One of the leading concerns about AI-powered marketing is a tale that we’re all familiar with: the spreading of misinformation and fake news through AI-powered social media campaigns. AI algorithms can be easily manipulated to create fake news and spread false information to millions of people. According to a study by MIT Technology Review, false information spreads faster and more easily on social media than true information, which can have serious consequences for public opinion, trust, and democracy (MIT Technology Review, 2018). For example, the 2016 US Presidential election was influenced by AI-powered media campaigns on social media, which helped shape public opinion and ultimately influenced the outcome of the election (The Guardian, 2018).
Another area of concern is the manipulation of consumer behavior through AI-powered personalization.
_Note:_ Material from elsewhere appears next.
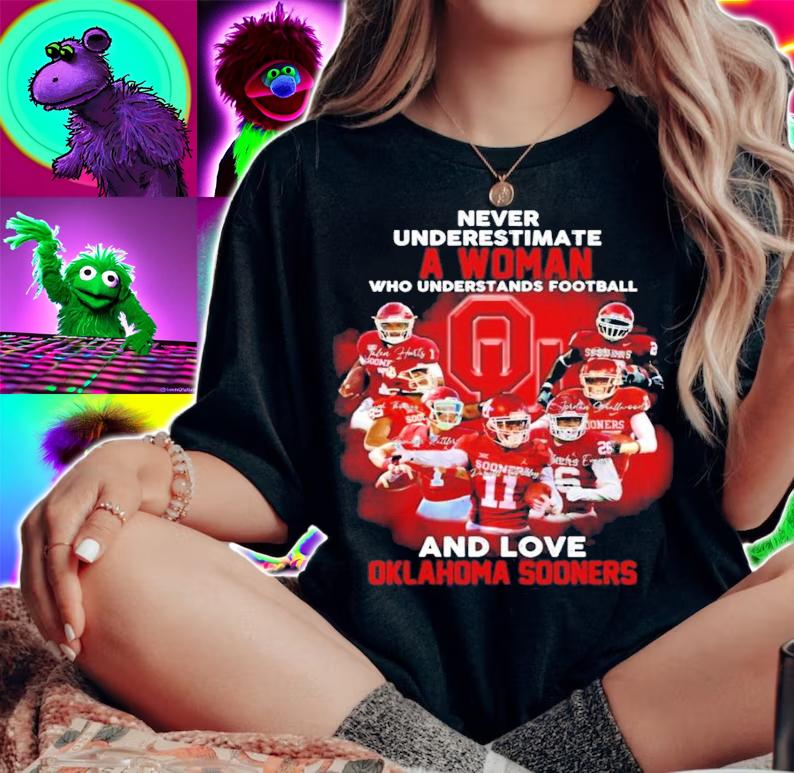 A woman who underestimate football and love Oklahoma Sooners signatures shirt woman shirt
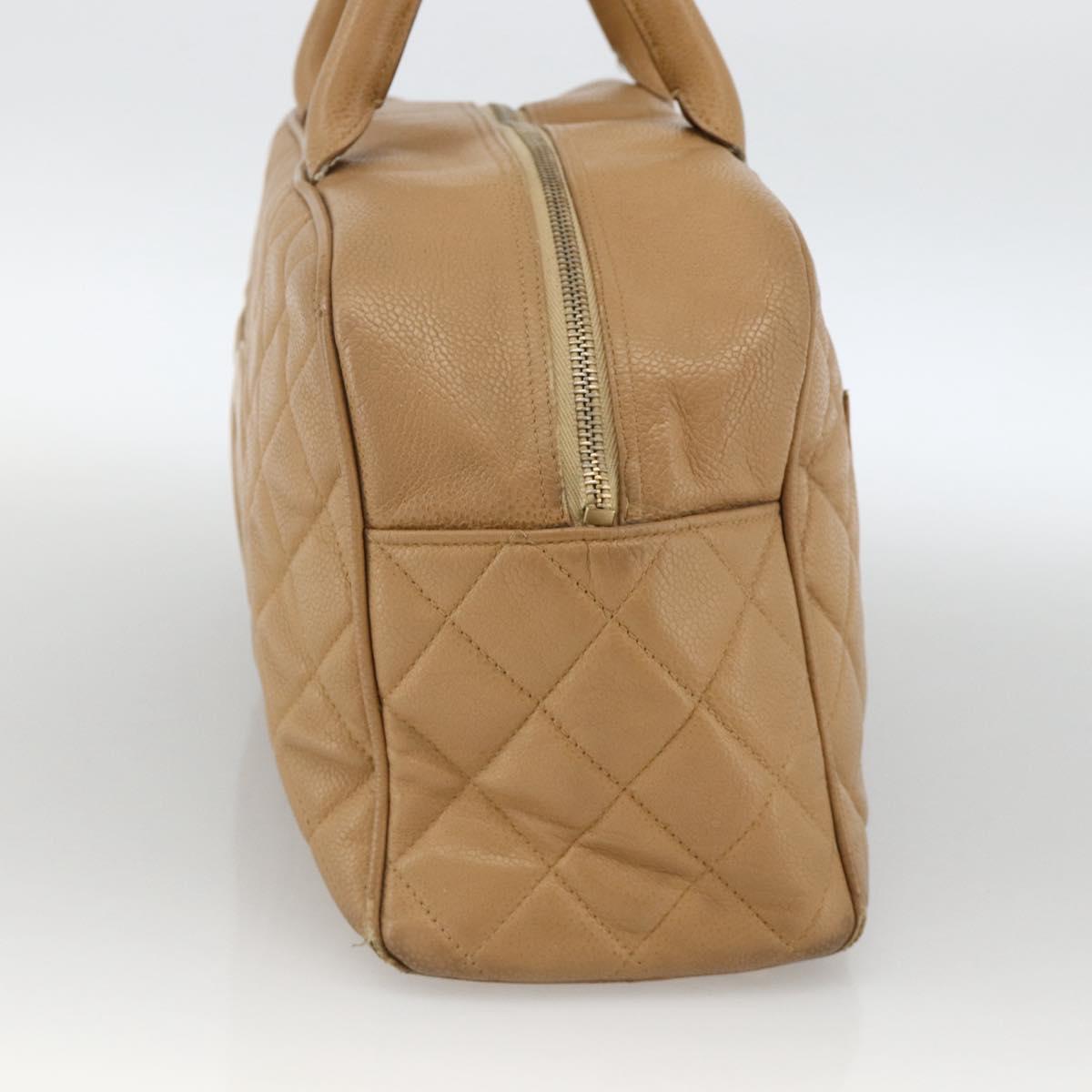 CHANEL Matelasse Boston Bag Grained Calf Skin Beige Gold CC Auth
AI algorithms can track and analyze consumer behavior, including their browsing history, search history, and social media activity, to personalize marketing campaigns. While this can be a powerful tool for businesses to reach consumers more effectively, it also has the potential to exploit vulnerabilities and sway consumer behavior in potentially unintended ways. According to a report by the World Economic Forum, as AI algorithms become more advanced, they will have the potential to manipulate human behavior to a much greater extent, creating new risks for consumer welfare (World Economic Forum, 2021). For example, brands or organizations can use AI algorithms can be used to target vulnerable populations and exploit data to drive adoption or education, leading to negative consequences.
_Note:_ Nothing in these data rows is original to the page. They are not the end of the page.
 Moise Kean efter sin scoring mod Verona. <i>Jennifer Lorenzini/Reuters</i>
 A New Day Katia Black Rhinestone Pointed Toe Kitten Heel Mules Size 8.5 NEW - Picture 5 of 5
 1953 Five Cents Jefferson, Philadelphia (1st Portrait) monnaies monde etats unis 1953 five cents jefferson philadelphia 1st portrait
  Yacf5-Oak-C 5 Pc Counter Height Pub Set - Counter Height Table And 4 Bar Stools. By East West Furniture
Big data could become another driving factor behind unethical practices in AI-powered growth marketing. AI algorithms are fed massive amounts of data to analyze consumer behavior and personalize marketing campaigns. According to a study by McKinsey & Company, big data analytics has the potential to generate significant value for businesses, but it also presents significant risks to privacy and security (McKinsey & Company, 2016). Vast quantities of data collected by algorithms can be easily manipulated to create false patterns and trends, leading to skewed results and unethical practices. Having worked in technology companies with access to large data sets, I know that there are several levels upon which data can be biased, both in how we determine which signals to track, how we define them, and ultimately how we interpret what the data is telling us. The scary thing is that we don’t fully realize that we’re making biased decisions, because we think the data is objective.
One could even see a world in which perfectly fine-tuned AI, which is based on mathematical models and algorithms that are designed to analyze and interpret patterns in data, can lead to a worse or more mediocre customer experience overall. These algorithms struggle to understand the complexity of human behavior and the context in which these behaviors occur. According to a report by Harvard Business Review, AI algorithms are still limited in their ability to understand human behavior and the context in which it occurs, which can lead to homogenous and generic experiences for consumers (Harvest Business Review, 2020). As a result, AI-powered growth marketing can create homogenous and generic experiences for consumers, ignoring important cultural and contextual factors that can influence consumer behavior. Imagine a world where every experience on the Internet is a 3.5-star Yelp restaurant one – homogenous, not too good nor too bad. Optimized right for the crowd.
To address these ethical concerns and limitations in AI-powered marketing, I believe that businesses must take a responsible and ethical approach. This might come in the from of more businesses putting ethical guidelines front and center, in addition to their terms of services. We need a cultural system (or even formal regulation) that can ensure the right incentives for transparency and accountability in AI-driven marketing campaigns, protect consumer privacy and data security, and create meaningful and respectful experiences for consumers. Our best bet will be to find the sweet spot in combining AI with human intuition and creativity, and then putting together the charter upfront for how these interact.